Prompt. Look below for the line with "Micui 100pcs 10mm"; begin the copy there and stop after the line with "paquete de iconos", keeping the text exact and the pictures out.

Task inputs.
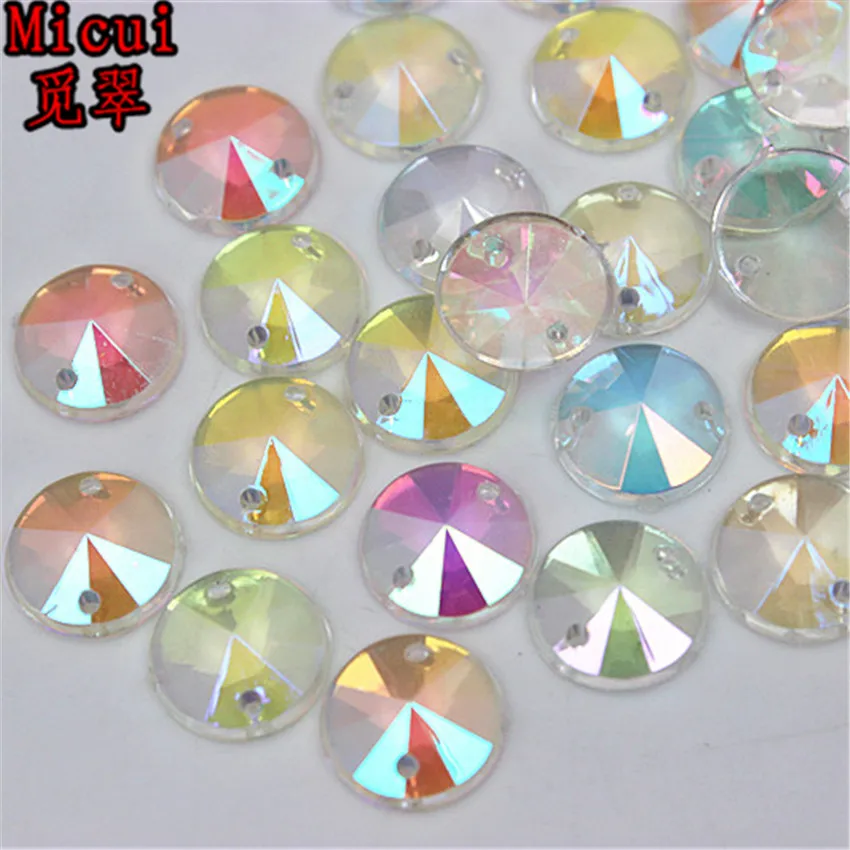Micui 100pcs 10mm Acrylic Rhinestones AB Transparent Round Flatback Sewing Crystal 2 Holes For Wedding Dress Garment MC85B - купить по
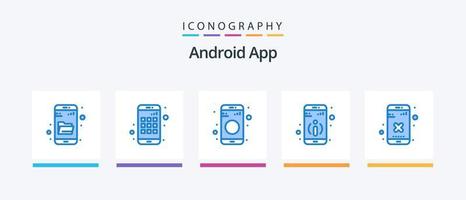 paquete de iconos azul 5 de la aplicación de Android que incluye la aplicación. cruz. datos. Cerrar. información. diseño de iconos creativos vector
==
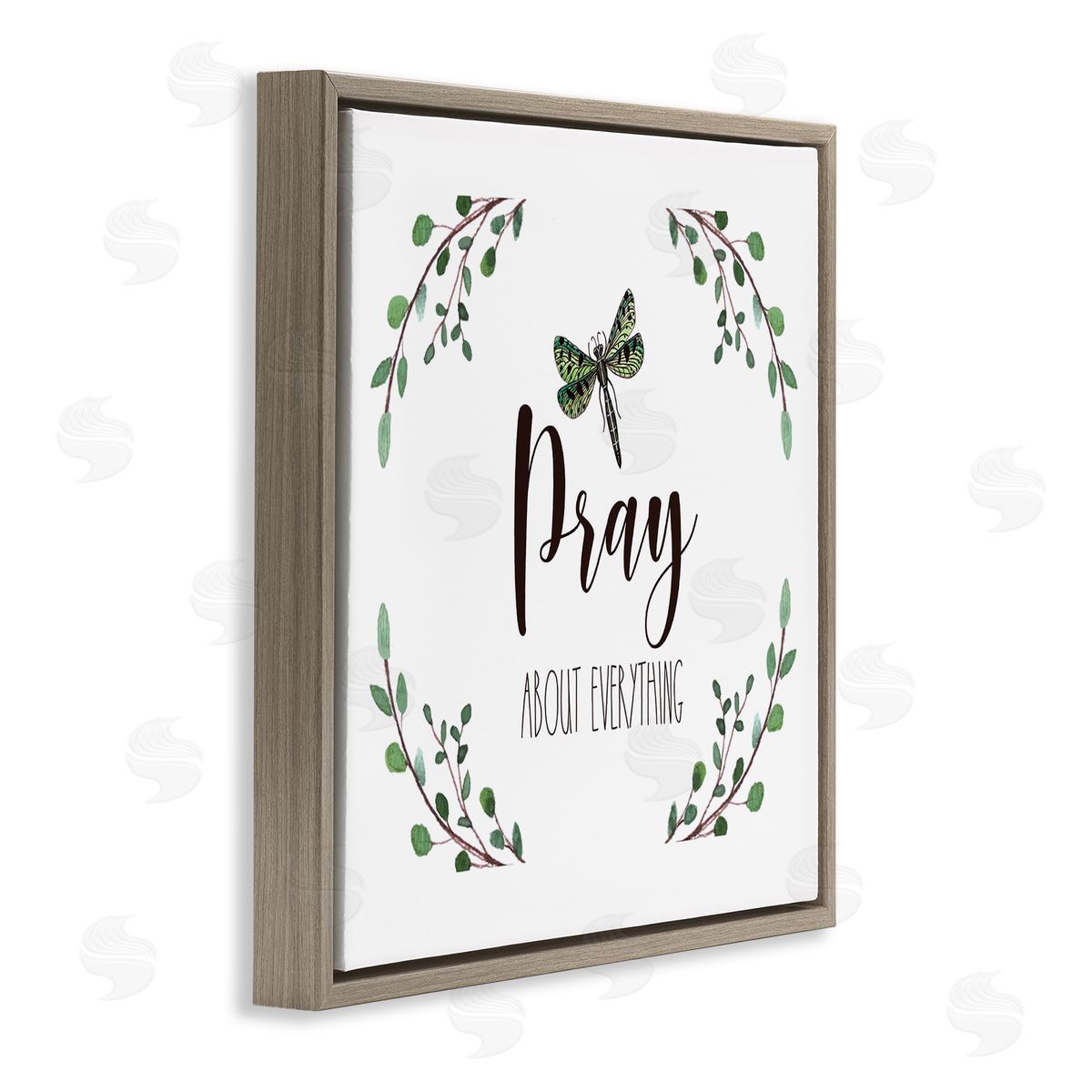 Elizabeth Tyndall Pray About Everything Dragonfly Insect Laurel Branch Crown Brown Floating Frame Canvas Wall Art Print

Response below.
Micui 100pcs 10mm Acrylic Rhinestones AB Transparent Round Flatback Sewing Crystal 2 Holes For Wedding Dress Garment MC85B - купить по
 paquete de iconos azul 5 de la aplicación de Android que incluye la aplicación. cruz. datos. Cerrar. información. diseño de iconos creativos vector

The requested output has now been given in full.